Look for "2026 Kia NIRO EV Wind + Photo" in the records below, then copy that line and every line after it, exactly and with nothing added.

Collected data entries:
BEGIN

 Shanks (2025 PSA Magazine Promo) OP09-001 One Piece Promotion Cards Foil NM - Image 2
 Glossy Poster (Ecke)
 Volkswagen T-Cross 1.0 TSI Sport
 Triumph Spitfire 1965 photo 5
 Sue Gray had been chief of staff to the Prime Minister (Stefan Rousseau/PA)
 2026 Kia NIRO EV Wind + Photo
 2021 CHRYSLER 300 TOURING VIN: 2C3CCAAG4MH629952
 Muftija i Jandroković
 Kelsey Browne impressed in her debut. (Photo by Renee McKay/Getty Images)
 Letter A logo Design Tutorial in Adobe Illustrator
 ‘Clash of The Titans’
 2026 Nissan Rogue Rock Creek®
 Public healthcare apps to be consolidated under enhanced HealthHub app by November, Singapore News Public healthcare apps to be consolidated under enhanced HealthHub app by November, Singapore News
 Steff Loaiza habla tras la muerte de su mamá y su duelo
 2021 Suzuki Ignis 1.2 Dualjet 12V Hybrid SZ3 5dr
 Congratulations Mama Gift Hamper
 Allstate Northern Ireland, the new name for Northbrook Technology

END

◆ **Answer for this exercise**
 2026 Kia NIRO EV Wind + Photo
 2021 CHRYSLER 300 TOURING VIN: 2C3CCAAG4MH629952
 Muftija i Jandroković
 Kelsey Browne impressed in her debut. (Photo by Renee McKay/Getty Images)
 Letter A logo Design Tutorial in Adobe Illustrator
 ‘Clash of The Titans’
 2026 Nissan Rogue Rock Creek®
 Public healthcare apps to be consolidated under enhanced HealthHub app by November, Singapore News Public healthcare apps to be consolidated under enhanced HealthHub app by November, Singapore News
 Steff Loaiza habla tras la muerte de su mamá y su duelo
 2021 Suzuki Ignis 1.2 Dualjet 12V Hybrid SZ3 5dr
 Congratulations Mama Gift Hamper
 Allstate Northern Ireland, the new name for Northbrook Technology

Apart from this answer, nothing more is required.